Data show men have larger coronary arteries with low shear stress, resulting in disordered flow and a downregulated nitric oxide pathway with more inflammation and thrombosis, typically resulting in focal CAD. In contrast, women have smaller arteries with high shear stress with more laminar flow. This leads to upregulation of the nitric oxide pathways, less inflammation and thrombosis and more diffuse CAD, Aggarwal said.
Poor outcomes with INOCA
Women with ischemia with no obstructive CAD (INOCA) are at elevated risk for poor CV outcomes, and clinicians need to pinpoint the cause, Aggarwal said.

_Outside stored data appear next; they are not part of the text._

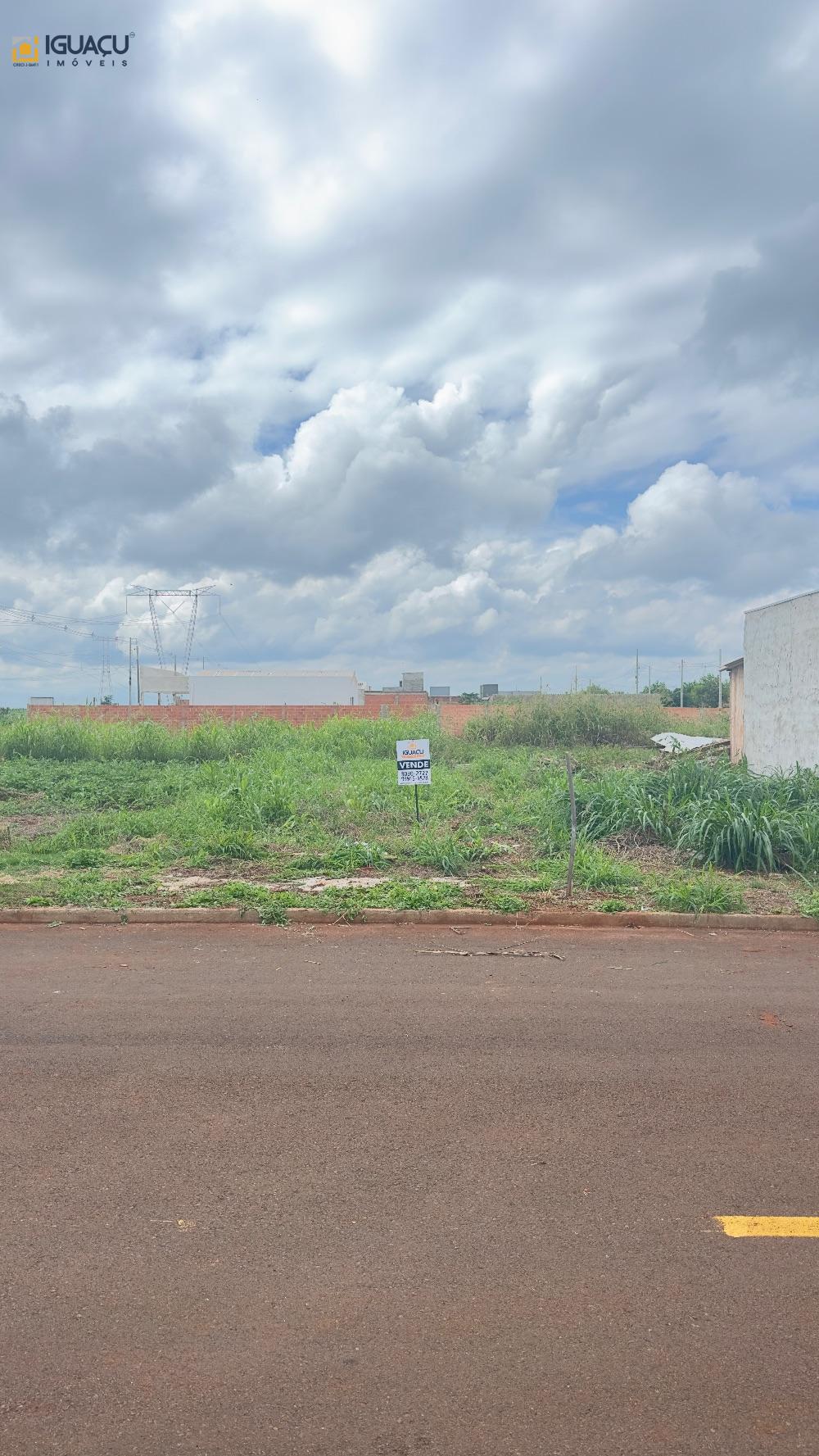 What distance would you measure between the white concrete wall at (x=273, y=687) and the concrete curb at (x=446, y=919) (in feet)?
175

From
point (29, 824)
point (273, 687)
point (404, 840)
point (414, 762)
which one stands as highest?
point (273, 687)

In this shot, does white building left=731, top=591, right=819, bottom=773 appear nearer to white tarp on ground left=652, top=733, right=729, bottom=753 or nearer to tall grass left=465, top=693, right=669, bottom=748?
white tarp on ground left=652, top=733, right=729, bottom=753

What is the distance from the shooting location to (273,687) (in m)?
63.0

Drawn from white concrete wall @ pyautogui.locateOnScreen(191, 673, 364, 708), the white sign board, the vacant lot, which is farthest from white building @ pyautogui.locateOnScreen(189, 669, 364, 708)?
the white sign board

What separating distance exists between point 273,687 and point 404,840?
169ft

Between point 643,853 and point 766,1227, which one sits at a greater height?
point 643,853

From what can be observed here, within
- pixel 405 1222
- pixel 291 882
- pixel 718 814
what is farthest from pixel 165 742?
pixel 405 1222

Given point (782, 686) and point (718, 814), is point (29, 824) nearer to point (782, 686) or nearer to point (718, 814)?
point (718, 814)

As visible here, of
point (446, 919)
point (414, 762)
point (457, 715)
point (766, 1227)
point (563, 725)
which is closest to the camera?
point (766, 1227)

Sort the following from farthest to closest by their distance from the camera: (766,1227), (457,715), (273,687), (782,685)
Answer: (273,687), (457,715), (782,685), (766,1227)

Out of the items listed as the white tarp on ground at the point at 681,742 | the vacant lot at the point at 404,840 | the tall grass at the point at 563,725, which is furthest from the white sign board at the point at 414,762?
the tall grass at the point at 563,725

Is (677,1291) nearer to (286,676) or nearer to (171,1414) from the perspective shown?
(171,1414)

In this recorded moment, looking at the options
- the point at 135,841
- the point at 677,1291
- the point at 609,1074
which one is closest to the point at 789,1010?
the point at 609,1074

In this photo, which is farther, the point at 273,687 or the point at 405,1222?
the point at 273,687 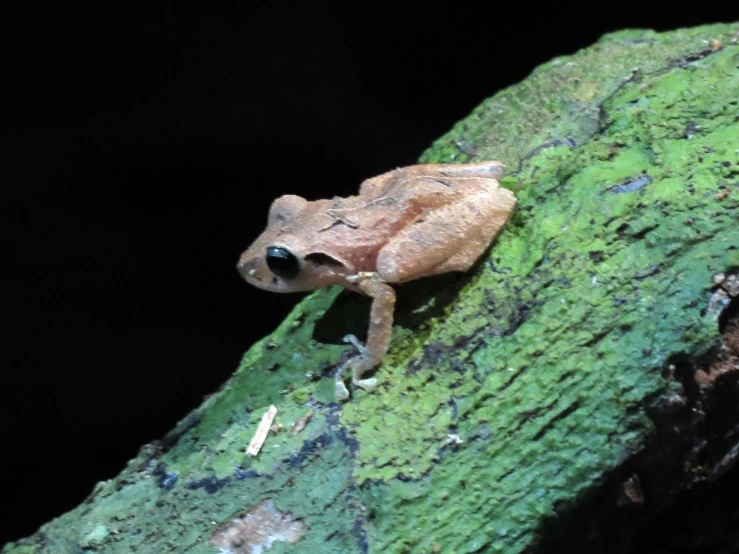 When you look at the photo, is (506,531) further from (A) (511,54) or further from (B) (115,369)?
(A) (511,54)

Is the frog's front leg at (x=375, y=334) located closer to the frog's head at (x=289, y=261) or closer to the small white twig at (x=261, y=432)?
the frog's head at (x=289, y=261)

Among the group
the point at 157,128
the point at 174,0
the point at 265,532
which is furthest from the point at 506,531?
the point at 174,0

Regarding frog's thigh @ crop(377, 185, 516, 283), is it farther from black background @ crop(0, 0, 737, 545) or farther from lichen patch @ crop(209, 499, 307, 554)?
black background @ crop(0, 0, 737, 545)

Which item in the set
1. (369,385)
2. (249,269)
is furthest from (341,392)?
(249,269)

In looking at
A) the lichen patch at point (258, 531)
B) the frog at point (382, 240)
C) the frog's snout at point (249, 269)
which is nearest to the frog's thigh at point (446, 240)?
the frog at point (382, 240)

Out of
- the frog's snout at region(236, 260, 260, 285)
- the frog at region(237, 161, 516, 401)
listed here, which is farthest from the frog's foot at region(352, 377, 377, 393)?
the frog's snout at region(236, 260, 260, 285)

“Epicardial stenosis is far more common in men,” Aggarwal said. “Women, however, demonstrate the full spectrum of CAD, and that may include coronary microvascular dysfunction, vasospasm, myocardial bridging, inflammation and metabolic abnormalities. The CONFRIM registry also demonstrates that the presence of nonobstructive CAD is not benign and actually portends a worse prognosis.”
Patients with INOCA have a threefold increased risk for major adverse CV events with more events and CV death, more evidence of chest discomfort and worse quality of life, Aggarwal said.
“Yet, despite all of this, they are often reassured,” Aggarwal said.
For women or men reporting chest pain, clinicians should assess their risk factor profile and determine whether risk is low, intermediate or high. Based on that determination, initiate functional testing with imaging or angiography, proceeding down the pathway with stress echocardiography, PET imaging, cardiac MRI or anatomic CT, Aggarwal said.
Patients with coronary microvascular dysfunction not only have perfusion defects but can also have late gadolinium enhancement suggestive of scarring, Aggarwal said. T1 mapping in MRI, a more subclinical measure of fibrosis, can help reveal this, Aggarwal said. Additionally, stress profusion echocardiography can also be used to diagnose microvascular disease.
“The presence of microvascular disease on echo portends a worse prognosis than a normal stress echo and normal angiogram,” Aggarwal said.
Stress PET and cardiac MRI both have a class 2a indication for diagnosis, as does invasive angiography; stress echocardiography has a class 2b indication, Aggarwal said.
“If there is no obstructive CAD, I often go on to look for microvascular disease,” Aggarwal said.
Alternative pathways for diagnosis
Aggarwal also recommended alternate pathways to assess for disease. If a patient does not show obstructive disease on angiogram, perform a functional angiogram to assess further.
“Remember there are a lot of traditional CV risk factors that account for this, but there are other inflammatory and nontraditional CV risk factors,” Aggarwal said, adding that diagnosis can be made by imaging or invasive testing.
Aggarwal gave the example of a middle-aged patient with obesity who presents with exertional chest pain and has traditional risk factors including hypertension, hyperlipidemia and a premature family history of CAD. Yet, angiography demonstrates 30% luminal disease.
That patient should not be reassured that they do not have CAD, Aggarwal said.
“We should say to that patient, ‘The pain could still be coming from your heart and could be something called INOCA,” Aggarwal said. “Let’s do more imaging and interventional testing to determine what medications you need.”